Un autre domaine auquel la communauté bahá’íe a accordé une attention croissante est la participation aux discours qui ont une portée importante sur le bien-être de l’humanité. Ses efforts à cet égard ont visé à participer à des conversations dans une variété croissante d’espaces aux échelons international et national, travaillant coude à coude avec des organisations et des personnes animées des mêmes idées, cherchant, là où cela est possible, à stimuler un processus consultatif et à faire ressortir les principes sous-jacents autour desquels des ententes et une compréhension mutuelle peuvent être bâties. Plusieurs de ces discours, tels que ceux qui portent sur le rôle de la religion dans la société, sur la coexistence des religions, sur la liberté de religion et de croyances, ont trait directement à la nécessité de surmonter le défi que représentent les préjugés de religion.

Dans ce contexte, la communauté bahá’íe a été depuis ses tous débuts, une organisatrice particulièrement dynamique des activités interconfessionnelles, travaillant avec d’autres pour accroitre la compréhension et l’entente entre les religions. Les réalisations du mouvement interconfessionnel ont été soulignées dans une lettre de la Maison universelle de justice adressée en 2002 aux dirigeants religieux du monde. La lettre faisait aussi valoir que les efforts du mouvement jusqu’alors, si constructifs qu’ils aient été, n’étaient pas suffisants pour répondre adéquatement au défi croissant que posent les préjugés religieux et le fanatisme. Il faudra plus. « Chaque jour, » affirmait la lettre « le danger grandit de voir les brasiers allumés par les préjugés religieux se multiplier et provoquer une conflagration mondiale aux conséquences inimaginables », et la Maison de justice suggérait avec insistance que l’on considère le défi que cela présente aux dirigeants religieux.
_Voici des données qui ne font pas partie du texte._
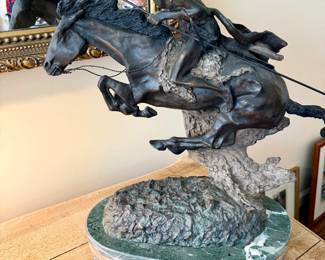 Fredric Remington Bronze Sculpture "Cheyenne"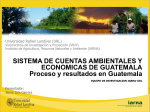 Jaime Luis Carrera. Sistema de Cuentas Ambientales y Económicas
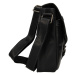 Lagen Pánská kožená taška přes rameno BLC/221-1647 černá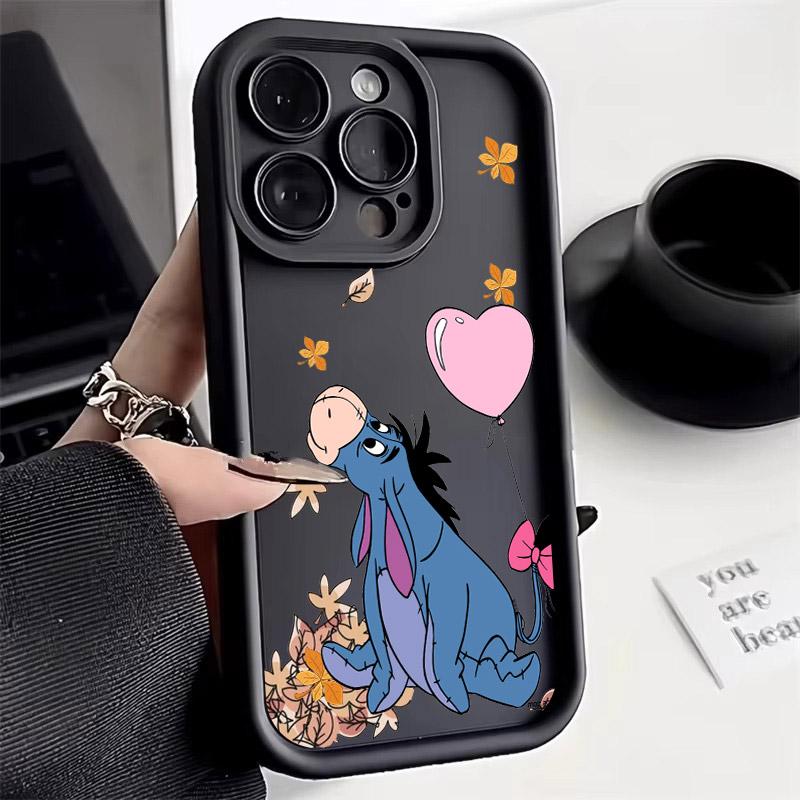 Winnie The Pooh Winnies Eeyore Phone Case For iPhone 17E 11 12 13 14 15 16 17 Pro Max Fundas 17 Air Plus 16e 13 Mini Back Cover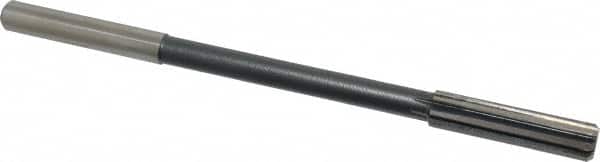 Interstate - 0.44" High Speed Steel 8 Flute Chucking Reamer - Eagle Tool & Supply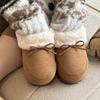 Height-increasing Plush Slippers Women's Autumn and Winter New Versatile Plush Thickened Indoor Home Can Wear Warm Cotton Slippers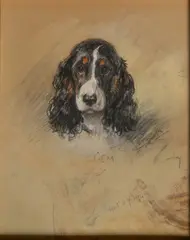 - ''GEM''- by Lucy Dawson, pastel on paper, 1948, offered Mar 2019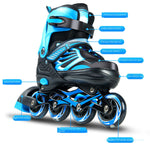 Children's roller skates 【Including shoes, protective gear, helmet and backpack】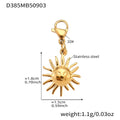 Sun Ladybug Heart and Chili Charm Necklace Collection in Gold Tone view 11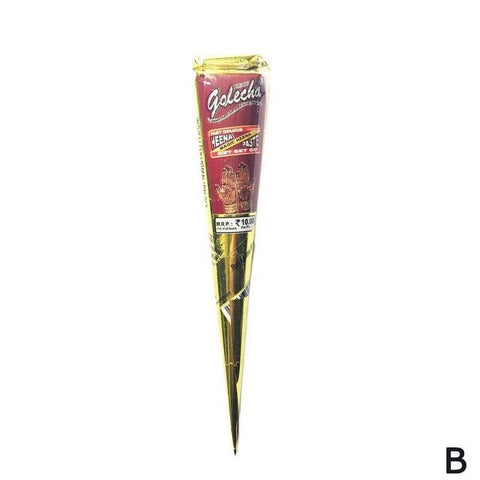 Waterproof Body Paint Henna Cones Paste Indian Henna Tattoo Paste for Temporary Tattoo Sticker Mehndi Body Art Cream
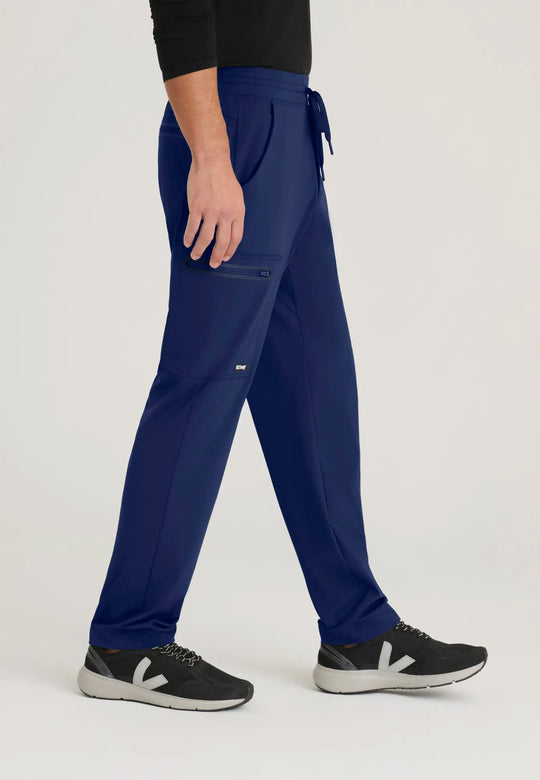 Grey's Anatomy by Barco Scrubs Men's Focus Pant Indigo | scrub-supply.com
Fondamentalement, une grande part des efforts de la communauté bahá’íe ont visé à s’attaquer à la cause fondamentale des préjugés religieux — l’ignorance. « La perpétuation de l’ignorance », déclarait la Maison de justice « est une forme on ne peut plus grave d’oppression; elle renforce les multiples barrières de préjugés qui barrent la voie vers l’accomplissement de l’unité de l’humanité […]. L’accès au savoir est un droit de tout être humain, et contribuer à le générer, à l’appliquer et à le diffuser est une responsabilité que tous doivent assumer dans la grande entreprise de l’établissement d’une civilisation mondiale prospère — chacun et chacune en fonction de ses talents et possibilités. » Cette orientation s’est particulièrement manifestée dans la priorité que la communauté bahá’íe a accordée à l’éducation, une préoccupation centrale depuis les débuts de la Foi; dans ses efforts pour éveiller chez les individus une conscience des préjugés et pour développer leur capacité de les reconnaitre et de s’y opposer; dans son utilisation de processus consultatifs dans toutes ses affaires; et dans la défense des deux systèmes de connaissances que sont la science et la religion, qui sont essentiels au progrès de la civilisation et son engagement à leur égard.

Avec nos chaleureuses salutations bahá’íes.